Prep Time: 2 hours 30 minutes
Cook time: 60 minutes
600 gms mutton, cut into 1-inch cubes
1 tbsp raw papaya paste
11/2 tbsp garlic paste
3 tsp red chilli powder
½ tsp turmeric powder
2 tbsp biryani masala (can be store bought)
Salt to taste
8 green cardamoms
1-inch piece of cinnamon or Cassia bark (broken)
¾ cup yoghurt
1 tsp caraway seed (shahi jeera) powder
4 tbsp fresh coriander leaves, finely chopped
4 green chillies, slit
20 to 25 fresh mint leaves, for garnish
½ cup of fried onions or Birista for garnish
2 to 3 tbsp oil
1 tbsp lemon juice
4 tbsp ghee
1-inch ginger, julienned
½ tbsp screw pine essence or kewra
½ tbsp rose water
Whole-wheat flour dough for sealing
For the rice
1 ½ cups Basmati rice soaked and drained
2 black cardamoms or Badi Elaichi
6 green cardamoms
1-inch piece of cinnamon or Cassia bark
1 bay leaf
Salt to taste
2 tbsp saffron milk (1/2 tsp of saffron strands soaked in warm milk)

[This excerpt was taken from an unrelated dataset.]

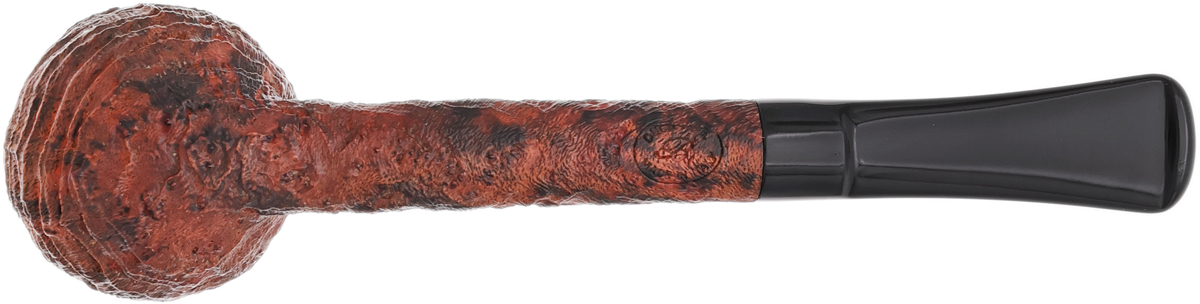 Italian Estate Il Duca Sandblasted Billiard (B)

1. Wash and drain the mutton pieces well. Using high quality meat and tender cuts will lead to a more flavourful biryani.

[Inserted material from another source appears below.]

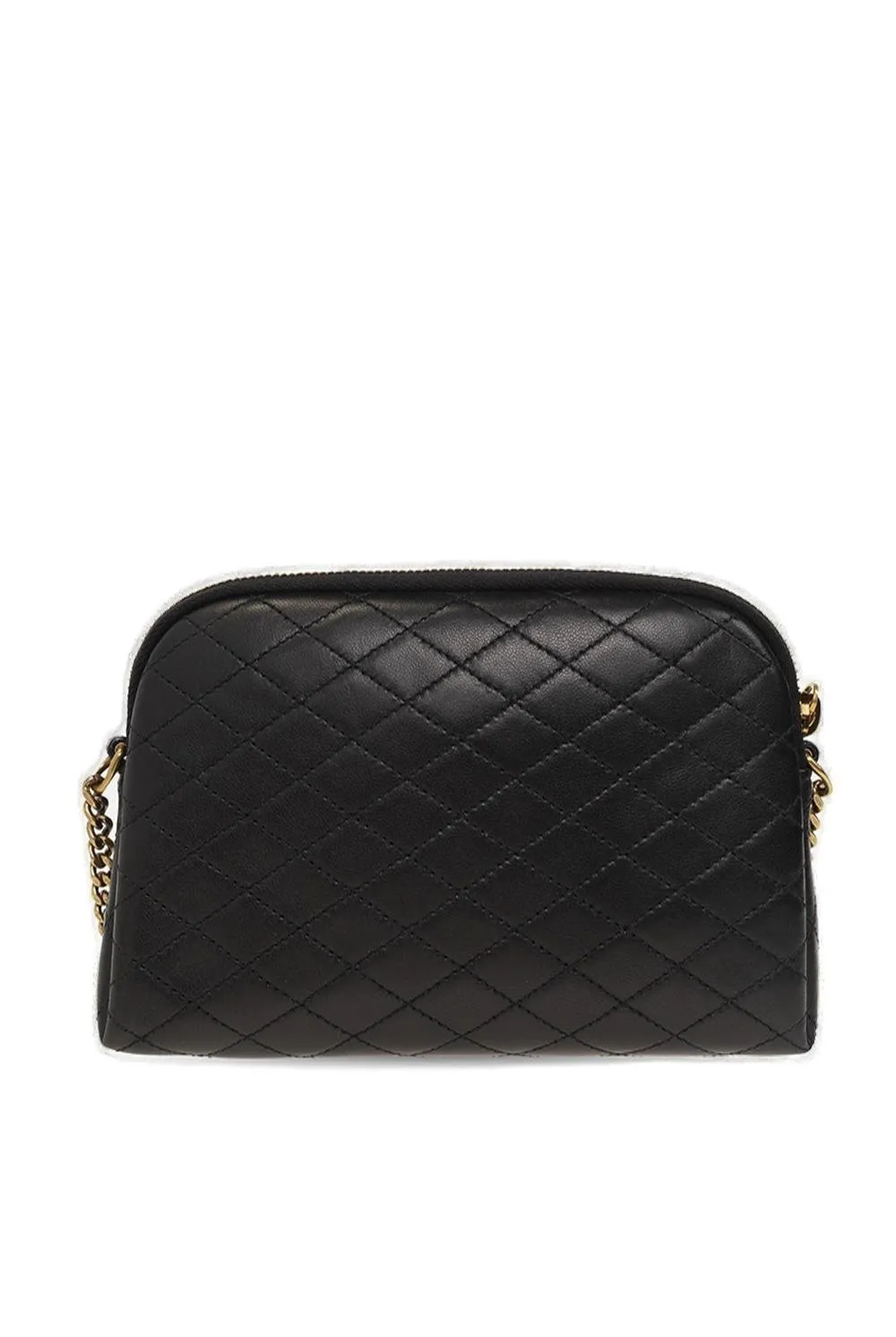 Saint Laurent Gaby Quilted Chain Pouch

2. Add raw papaya paste, garlic paste, chilli powder, turmeric powder, biryani masala powder, salt, cloves, green cardamoms and cinnamon to it and mix well.
3. Add yoghurt, caraway seed powder, coriander leaves, green chillies, 10 to 15 mint leaves, ¼ cup crushed fried onions, oil, and mix well to the meat mix. Finally add lemon juice, combine well and set aside in the refrigerator, to marinate, for 1 to 2 hours.

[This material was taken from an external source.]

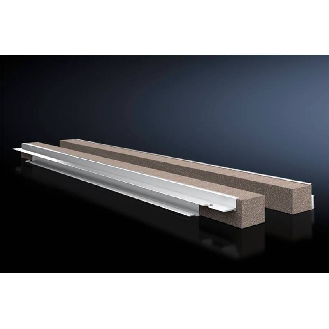 Profilé passe-câble arrière IP55 1200x-x-mm (LxHxP)-Lire la description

4. Spread two tablespoons of ghee in a deep, wide-bottomed vessel or handi, add the marinated mutton and spread evenly. A copper vessel or handi is traditionally used to make this type of biryani.
5. Wash and soak long-grain basmati rice for 20 minutes.
6. To cook the rice, boil water in a deep vessel. Add green cardamoms, cinnamon, black cardamoms, cloves, bay leaf, salt and rice and mix. This will infuse the flavour of the spices into the water.
7. Using a strainer, strain the spices out of the water and add the rice.
8. Cook until the rice is partially cooked – around 70 per cent cooked. Then drain.
9. Spread half of the rice over the mutton layer in the handi. Cover and set aside.
10. Put a muslin cloth in a bowl and put the remaining rice in it. Drizzle 1 tablespoon of the saffron milk on it, squeeze excess water and then spread the rice in the handi.
11. Add remaining saffron milk on top, julienne cut ginger, remaining coriander leaves, remaining mint leaves, remaining fried onions, screw pine essence, rose water and remaining ghee.
12. Roll out the dough – flour kneaded with water and a bit of oil, roll out into about 2 or 3 mm thickness. Cover the handi with this sheet of dough; gently roll down the edges to seal it. This is cooking on dum – as the meat and rice will cook in its steam.
13. Place the handi on a hot tawa or cast iron pan and cook for 40 minutes.
14. Slowly cut the dough, to open up the sealed pot. Be careful as escaping steam can scald.
15. Garnish with more fried onions and mint leaves, if you like, and serve hot with raita of your choice.